Three Time Travel Tales by Tim Powers

This year the guest of honor at Capclave was Tim Powers. (Capclave is the Washington DC Science Fiction convention.) Tim is not only the author of many fine science fiction novels, but a very nice guy.

This turned out to be a good thing, as the initial proposal was to have Tim & I appear together and do something physic-y about his novels.  I have never done a talk with a live author before (dead authors are no problem, I have that down cold), so I was a bit nervous about the whole thing.
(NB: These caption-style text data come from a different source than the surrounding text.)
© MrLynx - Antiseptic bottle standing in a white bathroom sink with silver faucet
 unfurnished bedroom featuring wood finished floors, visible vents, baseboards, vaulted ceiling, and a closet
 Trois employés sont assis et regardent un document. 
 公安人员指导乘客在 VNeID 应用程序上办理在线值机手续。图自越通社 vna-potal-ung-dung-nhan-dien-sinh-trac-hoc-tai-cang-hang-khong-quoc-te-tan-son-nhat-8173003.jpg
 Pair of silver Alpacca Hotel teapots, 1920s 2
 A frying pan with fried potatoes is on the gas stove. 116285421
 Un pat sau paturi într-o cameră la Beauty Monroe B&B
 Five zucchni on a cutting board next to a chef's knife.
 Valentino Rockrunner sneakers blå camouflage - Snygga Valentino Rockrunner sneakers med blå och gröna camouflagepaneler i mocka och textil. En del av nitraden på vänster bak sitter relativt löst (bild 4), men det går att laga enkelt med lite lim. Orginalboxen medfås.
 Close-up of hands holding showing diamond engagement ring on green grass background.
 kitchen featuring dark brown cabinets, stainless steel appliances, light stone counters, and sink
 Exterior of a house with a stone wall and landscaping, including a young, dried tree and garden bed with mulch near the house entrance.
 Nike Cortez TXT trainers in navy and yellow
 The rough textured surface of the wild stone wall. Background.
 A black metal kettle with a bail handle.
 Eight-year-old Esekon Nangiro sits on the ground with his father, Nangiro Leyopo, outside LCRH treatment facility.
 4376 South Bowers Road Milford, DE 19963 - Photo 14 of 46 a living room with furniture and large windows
But it worked out well:  Tim was very helpful & gracious and when the audience asked him if one of my theories about the time travel in his novel The Anubis Gates was correct he said, essentially, “Now it is.” 🙂

I focused on three of his novels, The Anubis Gates — his first big success (with romantic poets & time-traveling Jackel Gods), Three Days to Never — something like the bastard child of John Le Carre & H. P. Lovecraft, and Medusa’s Web — who can resist the Time Spyders?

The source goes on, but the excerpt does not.